***** INPUT DATA *****
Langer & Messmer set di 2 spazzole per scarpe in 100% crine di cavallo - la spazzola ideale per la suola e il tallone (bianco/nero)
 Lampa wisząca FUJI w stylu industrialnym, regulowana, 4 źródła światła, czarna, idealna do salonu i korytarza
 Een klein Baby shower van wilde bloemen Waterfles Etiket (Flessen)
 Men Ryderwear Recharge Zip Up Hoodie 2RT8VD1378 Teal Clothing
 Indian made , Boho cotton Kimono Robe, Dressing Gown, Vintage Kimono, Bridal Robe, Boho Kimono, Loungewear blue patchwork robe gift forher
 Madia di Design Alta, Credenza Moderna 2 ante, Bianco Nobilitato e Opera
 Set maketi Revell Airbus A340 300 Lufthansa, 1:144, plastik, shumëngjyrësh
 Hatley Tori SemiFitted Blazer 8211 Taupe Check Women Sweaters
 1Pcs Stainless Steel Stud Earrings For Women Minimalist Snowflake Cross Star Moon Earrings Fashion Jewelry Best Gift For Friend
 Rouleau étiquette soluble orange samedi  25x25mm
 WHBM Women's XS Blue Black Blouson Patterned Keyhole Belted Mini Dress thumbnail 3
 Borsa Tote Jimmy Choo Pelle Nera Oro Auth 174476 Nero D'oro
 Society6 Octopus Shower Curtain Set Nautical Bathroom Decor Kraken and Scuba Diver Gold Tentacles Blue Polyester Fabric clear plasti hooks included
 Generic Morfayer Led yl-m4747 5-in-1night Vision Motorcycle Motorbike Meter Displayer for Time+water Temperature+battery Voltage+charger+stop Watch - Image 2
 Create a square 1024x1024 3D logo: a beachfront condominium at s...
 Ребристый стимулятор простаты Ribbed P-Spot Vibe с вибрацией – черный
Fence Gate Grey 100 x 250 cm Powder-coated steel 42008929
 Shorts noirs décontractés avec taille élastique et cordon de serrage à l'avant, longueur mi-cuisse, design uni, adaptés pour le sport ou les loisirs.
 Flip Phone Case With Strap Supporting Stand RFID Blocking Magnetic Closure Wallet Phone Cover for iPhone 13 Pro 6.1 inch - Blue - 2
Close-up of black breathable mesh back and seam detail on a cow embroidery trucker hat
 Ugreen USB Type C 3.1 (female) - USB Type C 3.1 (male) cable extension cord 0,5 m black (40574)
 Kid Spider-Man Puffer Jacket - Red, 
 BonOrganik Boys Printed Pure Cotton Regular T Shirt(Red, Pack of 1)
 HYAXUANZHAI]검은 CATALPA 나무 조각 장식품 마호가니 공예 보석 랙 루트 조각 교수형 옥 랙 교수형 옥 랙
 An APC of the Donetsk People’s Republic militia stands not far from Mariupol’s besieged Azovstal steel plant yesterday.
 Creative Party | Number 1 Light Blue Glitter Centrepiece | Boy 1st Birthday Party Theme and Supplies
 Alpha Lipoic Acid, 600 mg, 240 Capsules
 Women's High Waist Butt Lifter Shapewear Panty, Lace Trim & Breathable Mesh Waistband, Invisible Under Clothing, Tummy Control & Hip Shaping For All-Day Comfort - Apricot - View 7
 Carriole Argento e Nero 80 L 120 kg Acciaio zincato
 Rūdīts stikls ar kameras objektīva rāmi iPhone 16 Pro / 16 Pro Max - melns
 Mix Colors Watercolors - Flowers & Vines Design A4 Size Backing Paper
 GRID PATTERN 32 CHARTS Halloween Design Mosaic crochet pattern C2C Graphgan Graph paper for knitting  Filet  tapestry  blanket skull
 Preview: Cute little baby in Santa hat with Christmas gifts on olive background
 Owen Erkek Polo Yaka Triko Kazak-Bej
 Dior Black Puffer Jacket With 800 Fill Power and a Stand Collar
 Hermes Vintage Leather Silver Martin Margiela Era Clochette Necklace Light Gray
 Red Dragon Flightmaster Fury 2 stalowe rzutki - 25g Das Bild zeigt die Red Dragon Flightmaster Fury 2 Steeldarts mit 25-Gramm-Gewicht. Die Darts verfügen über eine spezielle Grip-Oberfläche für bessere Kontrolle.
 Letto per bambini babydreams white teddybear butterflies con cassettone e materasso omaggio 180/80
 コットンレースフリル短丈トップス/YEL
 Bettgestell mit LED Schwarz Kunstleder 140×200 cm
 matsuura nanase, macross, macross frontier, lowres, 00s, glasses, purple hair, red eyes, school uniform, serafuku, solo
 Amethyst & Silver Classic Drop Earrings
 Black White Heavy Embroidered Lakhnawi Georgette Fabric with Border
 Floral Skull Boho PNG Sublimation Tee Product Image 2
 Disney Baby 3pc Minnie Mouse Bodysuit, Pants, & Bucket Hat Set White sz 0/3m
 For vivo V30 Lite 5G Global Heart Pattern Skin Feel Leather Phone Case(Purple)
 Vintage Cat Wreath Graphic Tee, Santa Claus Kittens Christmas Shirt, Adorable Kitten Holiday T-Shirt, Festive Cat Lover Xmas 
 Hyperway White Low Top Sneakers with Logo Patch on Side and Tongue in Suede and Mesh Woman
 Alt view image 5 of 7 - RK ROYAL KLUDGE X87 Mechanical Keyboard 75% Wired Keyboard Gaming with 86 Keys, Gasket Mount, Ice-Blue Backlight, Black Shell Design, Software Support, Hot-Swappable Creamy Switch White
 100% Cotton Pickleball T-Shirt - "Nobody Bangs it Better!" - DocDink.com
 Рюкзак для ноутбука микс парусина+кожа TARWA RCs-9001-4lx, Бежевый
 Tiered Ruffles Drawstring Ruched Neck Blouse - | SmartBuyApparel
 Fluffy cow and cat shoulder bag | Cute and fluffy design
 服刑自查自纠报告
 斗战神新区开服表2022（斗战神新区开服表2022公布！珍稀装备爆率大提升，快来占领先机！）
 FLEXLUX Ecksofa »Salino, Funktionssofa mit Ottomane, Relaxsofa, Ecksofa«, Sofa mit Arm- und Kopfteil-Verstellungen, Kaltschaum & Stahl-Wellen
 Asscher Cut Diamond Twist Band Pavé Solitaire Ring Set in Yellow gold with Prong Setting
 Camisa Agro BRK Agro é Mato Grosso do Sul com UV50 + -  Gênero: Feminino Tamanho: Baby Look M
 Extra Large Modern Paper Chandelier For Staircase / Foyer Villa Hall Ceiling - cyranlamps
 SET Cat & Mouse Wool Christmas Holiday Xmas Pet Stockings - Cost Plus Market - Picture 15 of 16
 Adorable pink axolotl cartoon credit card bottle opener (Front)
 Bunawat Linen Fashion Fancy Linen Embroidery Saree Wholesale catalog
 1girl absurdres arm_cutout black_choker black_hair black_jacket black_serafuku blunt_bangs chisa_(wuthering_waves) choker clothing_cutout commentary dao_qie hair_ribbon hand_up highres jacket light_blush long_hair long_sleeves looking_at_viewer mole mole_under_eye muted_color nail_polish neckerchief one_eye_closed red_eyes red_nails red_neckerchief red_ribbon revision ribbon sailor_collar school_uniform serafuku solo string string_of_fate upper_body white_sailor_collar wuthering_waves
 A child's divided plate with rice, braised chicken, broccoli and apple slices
*****
> [EXERCISE DETAILS] Could you repeat every record above exactly as it appears?

> [TASK RESULT]
Langer & Messmer set di 2 spazzole per scarpe in 100% crine di cavallo - la spazzola ideale per la suola e il tallone (bianco/nero)
 Lampa wisząca FUJI w stylu industrialnym, regulowana, 4 źródła światła, czarna, idealna do salonu i korytarza
 Een klein Baby shower van wilde bloemen Waterfles Etiket (Flessen)
 Men Ryderwear Recharge Zip Up Hoodie 2RT8VD1378 Teal Clothing
 Indian made , Boho cotton Kimono Robe, Dressing Gown, Vintage Kimono, Bridal Robe, Boho Kimono, Loungewear blue patchwork robe gift forher
 Madia di Design Alta, Credenza Moderna 2 ante, Bianco Nobilitato e Opera
 Set maketi Revell Airbus A340 300 Lufthansa, 1:144, plastik, shumëngjyrësh
 Hatley Tori SemiFitted Blazer 8211 Taupe Check Women Sweaters
 1Pcs Stainless Steel Stud Earrings For Women Minimalist Snowflake Cross Star Moon Earrings Fashion Jewelry Best Gift For Friend
 Rouleau étiquette soluble orange samedi  25x25mm
 WHBM Women's XS Blue Black Blouson Patterned Keyhole Belted Mini Dress thumbnail 3
 Borsa Tote Jimmy Choo Pelle Nera Oro Auth 174476 Nero D'oro
 Society6 Octopus Shower Curtain Set Nautical Bathroom Decor Kraken and Scuba Diver Gold Tentacles Blue Polyester Fabric clear plasti hooks included
 Generic Morfayer Led yl-m4747 5-in-1night Vision Motorcycle Motorbike Meter Displayer for Time+water Temperature+battery Voltage+charger+stop Watch - Image 2
 Create a square 1024x1024 3D logo: a beachfront condominium at s...
 Ребристый стимулятор простаты Ribbed P-Spot Vibe с вибрацией – черный
Fence Gate Grey 100 x 250 cm Powder-coated steel 42008929
 Shorts noirs décontractés avec taille élastique et cordon de serrage à l'avant, longueur mi-cuisse, design uni, adaptés pour le sport ou les loisirs.
 Flip Phone Case With Strap Supporting Stand RFID Blocking Magnetic Closure Wallet Phone Cover for iPhone 13 Pro 6.1 inch - Blue - 2
Close-up of black breathable mesh back and seam detail on a cow embroidery trucker hat
 Ugreen USB Type C 3.1 (female) - USB Type C 3.1 (male) cable extension cord 0,5 m black (40574)
 Kid Spider-Man Puffer Jacket - Red, 
 BonOrganik Boys Printed Pure Cotton Regular T Shirt(Red, Pack of 1)
 HYAXUANZHAI]검은 CATALPA 나무 조각 장식품 마호가니 공예 보석 랙 루트 조각 교수형 옥 랙 교수형 옥 랙
 An APC of the Donetsk People’s Republic militia stands not far from Mariupol’s besieged Azovstal steel plant yesterday.
 Creative Party | Number 1 Light Blue Glitter Centrepiece | Boy 1st Birthday Party Theme and Supplies
 Alpha Lipoic Acid, 600 mg, 240 Capsules
 Women's High Waist Butt Lifter Shapewear Panty, Lace Trim & Breathable Mesh Waistband, Invisible Under Clothing, Tummy Control & Hip Shaping For All-Day Comfort - Apricot - View 7
 Carriole Argento e Nero 80 L 120 kg Acciaio zincato
 Rūdīts stikls ar kameras objektīva rāmi iPhone 16 Pro / 16 Pro Max - melns
 Mix Colors Watercolors - Flowers & Vines Design A4 Size Backing Paper
 GRID PATTERN 32 CHARTS Halloween Design Mosaic crochet pattern C2C Graphgan Graph paper for knitting  Filet  tapestry  blanket skull
 Preview: Cute little baby in Santa hat with Christmas gifts on olive background
 Owen Erkek Polo Yaka Triko Kazak-Bej
 Dior Black Puffer Jacket With 800 Fill Power and a Stand Collar
 Hermes Vintage Leather Silver Martin Margiela Era Clochette Necklace Light Gray
 Red Dragon Flightmaster Fury 2 stalowe rzutki - 25g Das Bild zeigt die Red Dragon Flightmaster Fury 2 Steeldarts mit 25-Gramm-Gewicht. Die Darts verfügen über eine spezielle Grip-Oberfläche für bessere Kontrolle.
 Letto per bambini babydreams white teddybear butterflies con cassettone e materasso omaggio 180/80
 コットンレースフリル短丈トップス/YEL
 Bettgestell mit LED Schwarz Kunstleder 140×200 cm
 matsuura nanase, macross, macross frontier, lowres, 00s, glasses, purple hair, red eyes, school uniform, serafuku, solo
 Amethyst & Silver Classic Drop Earrings
 Black White Heavy Embroidered Lakhnawi Georgette Fabric with Border
 Floral Skull Boho PNG Sublimation Tee Product Image 2
 Disney Baby 3pc Minnie Mouse Bodysuit, Pants, & Bucket Hat Set White sz 0/3m
 For vivo V30 Lite 5G Global Heart Pattern Skin Feel Leather Phone Case(Purple)
 Vintage Cat Wreath Graphic Tee, Santa Claus Kittens Christmas Shirt, Adorable Kitten Holiday T-Shirt, Festive Cat Lover Xmas 
 Hyperway White Low Top Sneakers with Logo Patch on Side and Tongue in Suede and Mesh Woman
 Alt view image 5 of 7 - RK ROYAL KLUDGE X87 Mechanical Keyboard 75% Wired Keyboard Gaming with 86 Keys, Gasket Mount, Ice-Blue Backlight, Black Shell Design, Software Support, Hot-Swappable Creamy Switch White
 100% Cotton Pickleball T-Shirt - "Nobody Bangs it Better!" - DocDink.com
 Рюкзак для ноутбука микс парусина+кожа TARWA RCs-9001-4lx, Бежевый
 Tiered Ruffles Drawstring Ruched Neck Blouse - | SmartBuyApparel
 Fluffy cow and cat shoulder bag | Cute and fluffy design
 服刑自查自纠报告
 斗战神新区开服表2022（斗战神新区开服表2022公布！珍稀装备爆率大提升，快来占领先机！）
 FLEXLUX Ecksofa »Salino, Funktionssofa mit Ottomane, Relaxsofa, Ecksofa«, Sofa mit Arm- und Kopfteil-Verstellungen, Kaltschaum & Stahl-Wellen
 Asscher Cut Diamond Twist Band Pavé Solitaire Ring Set in Yellow gold with Prong Setting
 Camisa Agro BRK Agro é Mato Grosso do Sul com UV50 + -  Gênero: Feminino Tamanho: Baby Look M
 Extra Large Modern Paper Chandelier For Staircase / Foyer Villa Hall Ceiling - cyranlamps
 SET Cat & Mouse Wool Christmas Holiday Xmas Pet Stockings - Cost Plus Market - Picture 15 of 16
 Adorable pink axolotl cartoon credit card bottle opener (Front)
 Bunawat Linen Fashion Fancy Linen Embroidery Saree Wholesale catalog
 1girl absurdres arm_cutout black_choker black_hair black_jacket black_serafuku blunt_bangs chisa_(wuthering_waves) choker clothing_cutout commentary dao_qie hair_ribbon hand_up highres jacket light_blush long_hair long_sleeves looking_at_viewer mole mole_under_eye muted_color nail_polish neckerchief one_eye_closed red_eyes red_nails red_neckerchief red_ribbon revision ribbon sailor_collar school_uniform serafuku solo string string_of_fate upper_body white_sailor_collar wuthering_waves
 A child's divided plate with rice, braised chicken, broccoli and apple slices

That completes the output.